Targets and Training
I oftentimes recommend that new shooters begin with a mild .22 LR. There are a number of options for shooters both in semiauto and revolvers. The Ruger Mark IV is a relatively new take on a classic design, and these guns are extremely accurate, quite reliable and easy to take down. The double action SR22 is another great .22 option, and it’s great both for new shooters and for a low-recoil training session for more experienced shooters. .22 LR revolvers include Ruger’s Bearcat and Single Six single actions as well as the LCR and SP101 double actions. Once a shooter is comfortable with these guns it’s a natural progression to move to more powerful, higher-recoiling centerfire handguns.
Sight alignment is key to proper handgun shooting regardless of the type of gun used. Human eyes are only capable of focusing on a single plane, so your focus needs to be on the front sight of your gun. Your peripheral vision will allow you to align the rear sight with the front sight and position the sights properly on the target, but always remember front sight focus is key. Many Ruger handguns have white dot or fiber optic front sights that are easy to see in any lighting conditions, and those can help improve accuracy.
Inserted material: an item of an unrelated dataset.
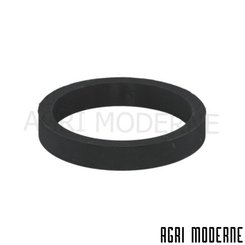 PIECES RECOLTE FENAISON CLAAS - Usure Moissonneuse Batteuse - CAOUTCHOUC RESSORT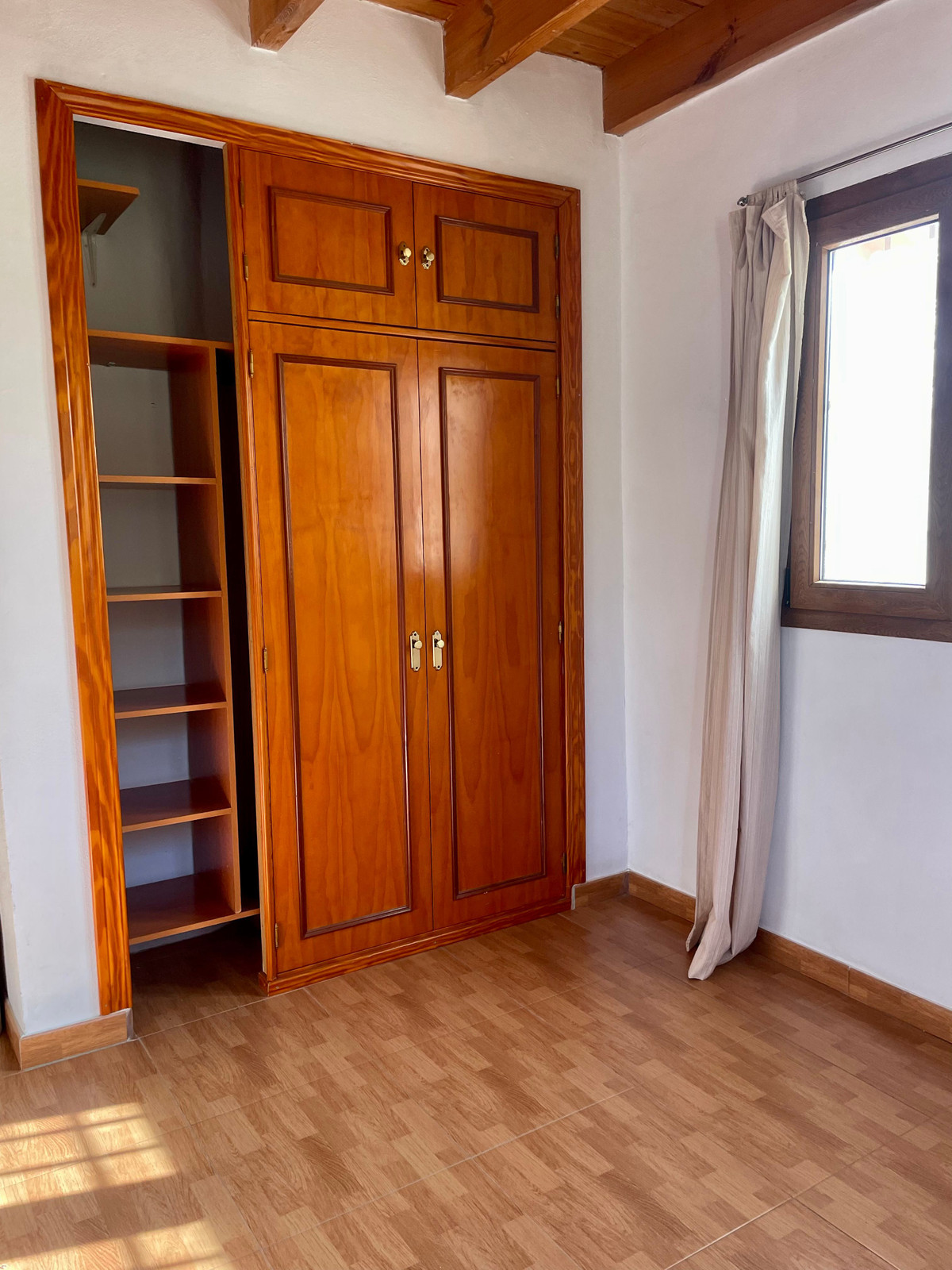 Finca - Cortijo te koop in Cártama | 2 slaapkamers H5081374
It’s a good idea to take time to determine eye dominance as well (there are simple tests you can perform in seconds at home). A right eye dominant shooter who is naturally left handed (or vice-versa) is cross dominant, and that can lead to issues with accuracy. If you are right eye dominant and right-handed or left eye dominant and left-handed it’s not an issue, but if you’re cross-dominant you’ll either have to learn to shoot with your other hand, close your dominant eye, or find some other means to properly align the sights. Many Ruger guns offer sights that are adjustable for elevation (up and down) or windage (left and right), and that allows you to center the sights for exact accuracy even at extended distances.
When you start shooting hold the gun with both hands high on the grip. This allows you to better control recoil. Pull the trigger straight back with steady, even pressure—don’t jerk. After you shoot a few rounds you’ll have a “group.” To adjust the point of impact you can change the sights, but it may be an issue with your shooting technique (pulling the left side of the trigger, for instance, skews groups to the left of the target. Keep practicing until you can shoot accurately. Over time, your mechanics will improve and groups will shrink. You can then shoot from farther ranges, different positions, and add movement to your drills, making you a more well-rounded shooter.
You can use a wide variety of targets so long as they are placed in front of a safe backstop. Pizza boxes work well, as do cardboard boxes. I sometimes tie balloons to the top of the cardboard boxes to make cheap reactive targets. There are also a number of commercial targets that work well, too, everything from paper silhouettes to rubber reactive targets that wobble, drop, or bounce when hit. The tried-and-true soda can is also an affordable and widely-available option.
Does handgun shooting make you a better hunter? I believe so regardless of the type of gun you carry in the field. Shooting handguns helps build universally valuable shooting skills like proper sight alignment and trigger control and it also helps you to practice safety skills, which are ultimately the most important part of shooting any firearm.